WORK REQUEST: Quote, without any change, the line that contains "Black Crowberries. Photo: Leonora" and all lines that follow it to the end of the data below.

EXTRACTED RECORDS:
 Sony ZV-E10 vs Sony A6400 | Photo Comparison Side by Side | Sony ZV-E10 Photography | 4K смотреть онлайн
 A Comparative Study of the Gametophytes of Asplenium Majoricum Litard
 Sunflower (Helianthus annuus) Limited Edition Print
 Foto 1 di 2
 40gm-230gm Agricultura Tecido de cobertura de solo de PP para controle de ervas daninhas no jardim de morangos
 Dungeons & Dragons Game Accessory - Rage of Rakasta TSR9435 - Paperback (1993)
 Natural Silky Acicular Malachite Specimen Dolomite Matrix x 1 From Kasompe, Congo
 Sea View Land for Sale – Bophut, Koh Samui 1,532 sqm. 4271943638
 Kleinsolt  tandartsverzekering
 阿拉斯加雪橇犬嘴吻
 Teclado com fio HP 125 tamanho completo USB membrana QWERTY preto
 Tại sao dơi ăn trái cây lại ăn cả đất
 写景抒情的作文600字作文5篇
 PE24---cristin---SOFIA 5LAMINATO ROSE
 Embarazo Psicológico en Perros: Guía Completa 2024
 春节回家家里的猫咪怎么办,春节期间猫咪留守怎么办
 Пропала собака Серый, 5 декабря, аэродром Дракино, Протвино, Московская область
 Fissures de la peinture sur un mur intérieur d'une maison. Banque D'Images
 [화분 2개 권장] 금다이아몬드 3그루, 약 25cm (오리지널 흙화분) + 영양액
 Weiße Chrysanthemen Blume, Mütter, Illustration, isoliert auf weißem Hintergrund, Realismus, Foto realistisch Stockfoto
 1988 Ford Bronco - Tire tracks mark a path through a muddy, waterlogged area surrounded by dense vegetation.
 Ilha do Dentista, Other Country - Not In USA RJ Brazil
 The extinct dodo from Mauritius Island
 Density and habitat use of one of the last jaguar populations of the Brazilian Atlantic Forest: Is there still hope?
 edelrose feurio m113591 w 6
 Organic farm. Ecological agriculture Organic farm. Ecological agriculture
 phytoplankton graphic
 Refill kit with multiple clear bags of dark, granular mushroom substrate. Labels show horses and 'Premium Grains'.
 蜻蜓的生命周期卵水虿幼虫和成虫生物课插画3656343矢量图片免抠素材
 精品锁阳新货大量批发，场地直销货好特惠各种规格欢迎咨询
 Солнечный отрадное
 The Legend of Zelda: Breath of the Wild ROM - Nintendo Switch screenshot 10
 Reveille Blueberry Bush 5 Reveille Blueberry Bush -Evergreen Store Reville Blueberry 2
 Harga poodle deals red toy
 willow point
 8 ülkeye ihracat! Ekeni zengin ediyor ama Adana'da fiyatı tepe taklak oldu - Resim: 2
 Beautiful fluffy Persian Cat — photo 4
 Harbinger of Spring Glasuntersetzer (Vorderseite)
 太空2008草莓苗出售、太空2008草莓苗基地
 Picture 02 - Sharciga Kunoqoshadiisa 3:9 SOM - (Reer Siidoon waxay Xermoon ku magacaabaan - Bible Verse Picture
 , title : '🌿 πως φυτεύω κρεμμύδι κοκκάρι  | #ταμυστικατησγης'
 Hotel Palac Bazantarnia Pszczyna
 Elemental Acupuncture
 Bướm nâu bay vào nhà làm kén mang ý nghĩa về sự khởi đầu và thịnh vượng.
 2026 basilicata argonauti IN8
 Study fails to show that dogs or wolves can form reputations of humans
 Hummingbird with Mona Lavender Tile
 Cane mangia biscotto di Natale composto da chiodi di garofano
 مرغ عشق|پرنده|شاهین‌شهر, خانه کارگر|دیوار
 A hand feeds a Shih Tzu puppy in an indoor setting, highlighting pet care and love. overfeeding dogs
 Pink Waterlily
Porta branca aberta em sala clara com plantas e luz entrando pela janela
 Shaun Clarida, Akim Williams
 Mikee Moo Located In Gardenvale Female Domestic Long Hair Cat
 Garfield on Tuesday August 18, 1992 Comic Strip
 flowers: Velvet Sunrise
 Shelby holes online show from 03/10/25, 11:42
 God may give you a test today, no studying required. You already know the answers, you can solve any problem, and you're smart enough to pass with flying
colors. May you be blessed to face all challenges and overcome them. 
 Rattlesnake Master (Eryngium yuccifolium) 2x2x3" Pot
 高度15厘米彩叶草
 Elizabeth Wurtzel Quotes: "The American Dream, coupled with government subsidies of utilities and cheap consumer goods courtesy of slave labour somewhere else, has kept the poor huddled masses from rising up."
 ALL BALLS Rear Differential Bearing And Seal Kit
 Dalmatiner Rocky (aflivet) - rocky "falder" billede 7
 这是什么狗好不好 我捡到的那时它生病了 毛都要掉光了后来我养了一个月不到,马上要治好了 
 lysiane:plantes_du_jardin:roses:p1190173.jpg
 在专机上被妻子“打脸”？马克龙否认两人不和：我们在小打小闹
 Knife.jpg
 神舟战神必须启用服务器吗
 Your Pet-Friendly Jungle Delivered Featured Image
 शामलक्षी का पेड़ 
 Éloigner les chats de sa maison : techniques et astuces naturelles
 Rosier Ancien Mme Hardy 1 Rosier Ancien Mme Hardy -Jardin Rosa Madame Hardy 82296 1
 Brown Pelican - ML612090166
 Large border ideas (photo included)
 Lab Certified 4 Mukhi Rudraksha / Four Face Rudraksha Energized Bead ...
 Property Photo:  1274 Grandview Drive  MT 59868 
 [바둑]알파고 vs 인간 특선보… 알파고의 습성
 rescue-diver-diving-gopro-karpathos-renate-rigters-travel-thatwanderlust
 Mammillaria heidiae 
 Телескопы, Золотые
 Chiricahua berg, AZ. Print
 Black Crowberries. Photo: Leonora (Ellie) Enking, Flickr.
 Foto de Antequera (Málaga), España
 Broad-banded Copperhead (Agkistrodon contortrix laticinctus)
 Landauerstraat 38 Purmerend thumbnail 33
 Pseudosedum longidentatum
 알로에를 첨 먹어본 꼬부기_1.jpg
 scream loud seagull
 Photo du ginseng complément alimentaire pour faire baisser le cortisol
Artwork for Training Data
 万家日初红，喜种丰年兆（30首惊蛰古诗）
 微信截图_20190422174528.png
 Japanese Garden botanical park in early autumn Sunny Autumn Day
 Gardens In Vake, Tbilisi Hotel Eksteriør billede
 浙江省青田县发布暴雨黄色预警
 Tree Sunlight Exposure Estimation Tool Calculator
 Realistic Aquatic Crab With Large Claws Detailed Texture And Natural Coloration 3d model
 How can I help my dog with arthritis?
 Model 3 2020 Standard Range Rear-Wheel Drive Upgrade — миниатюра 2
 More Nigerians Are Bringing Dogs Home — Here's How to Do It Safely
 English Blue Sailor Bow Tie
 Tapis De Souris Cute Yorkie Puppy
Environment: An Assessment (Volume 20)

OUTPUT:
 Black Crowberries. Photo: Leonora (Ellie) Enking, Flickr.
 Foto de Antequera (Málaga), España
 Broad-banded Copperhead (Agkistrodon contortrix laticinctus)
 Landauerstraat 38 Purmerend thumbnail 33
 Pseudosedum longidentatum
 알로에를 첨 먹어본 꼬부기_1.jpg
 scream loud seagull
 Photo du ginseng complément alimentaire pour faire baisser le cortisol
Artwork for Training Data
 万家日初红，喜种丰年兆（30首惊蛰古诗）
 微信截图_20190422174528.png
 Japanese Garden botanical park in early autumn Sunny Autumn Day
 Gardens In Vake, Tbilisi Hotel Eksteriør billede
 浙江省青田县发布暴雨黄色预警
 Tree Sunlight Exposure Estimation Tool Calculator
 Realistic Aquatic Crab With Large Claws Detailed Texture And Natural Coloration 3d model
 How can I help my dog with arthritis?
 Model 3 2020 Standard Range Rear-Wheel Drive Upgrade — миниатюра 2
 More Nigerians Are Bringing Dogs Home — Here's How to Do It Safely
 English Blue Sailor Bow Tie
 Tapis De Souris Cute Yorkie Puppy
Environment: An Assessment (Volume 20)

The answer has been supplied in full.